Today at the NYU Game Center was the second day of Marc Leblanc’s “Mechanics-Dynamics-Aesthetics” Game Design Workshop. One exercise, was to take a videogame (from a fairly randomly selected list) and distill it into a paper prototype that captured it’s essence and core mechanics as well as possible. I, along with Nicole Leffel, Lance Vikaros, Tim Szetala, and Haitham Ennasr chose to work with Farmville. We never quite got it to that perfect state, but it still managed to capture the soul of the game fairly well in the short period we worked on it, and I think it’s worth sharing just for that.

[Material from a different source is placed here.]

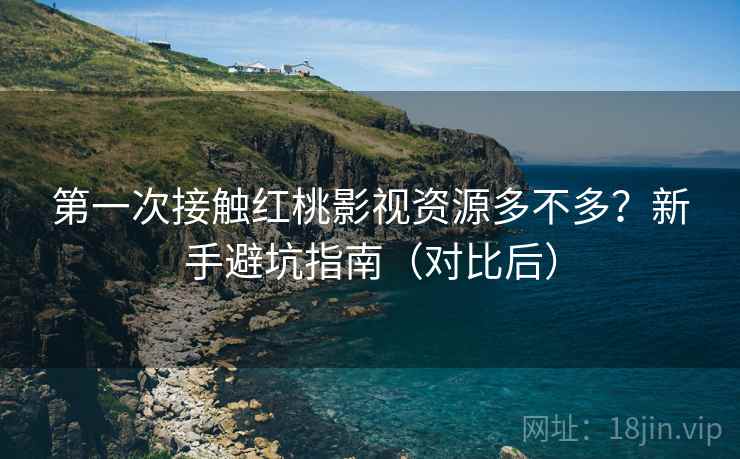 第一次接触红桃影视资源多不多？新手避坑指南（对比后）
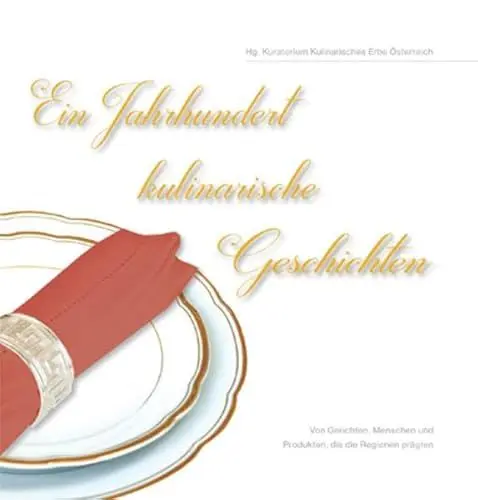 Produktbild: Ein Jahrhundert kulinarische Geschichten: Von Gerichten, Menschen und Produkten, die die Regionen prägten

Welcome to Paper Farmville!

Generally, this is how it worked: In the middle of the table are 5 types of crops laid out, costing incrementally form 2-6$. They also each came with a different colored square of index card you took upon purchasing one. Each player sat around the table with a 6-sided die in front of them set to 1 at the start. The number on the die representing how many dollars they have. On a player’s turn, which rotated around the circle, they could advance their die by 1, or spend the number shown on their die to harvest crops. They also had to advance one other player’s die by 1. So say I’m going first, I advance my die from 1 to 2 (since no crops can be purchased for 1) and advance my neighbor’s die to 2. So now its my neighbor’s turn, his or her die is already at 2, so instead of incrementing it yet again, they choose to buy grapes for 2: resetting their die to 1 and taking a blue square representing some grapes.

It was important for the players to be able to see all the glamorous colors of plants they could buy if they saved up long enough.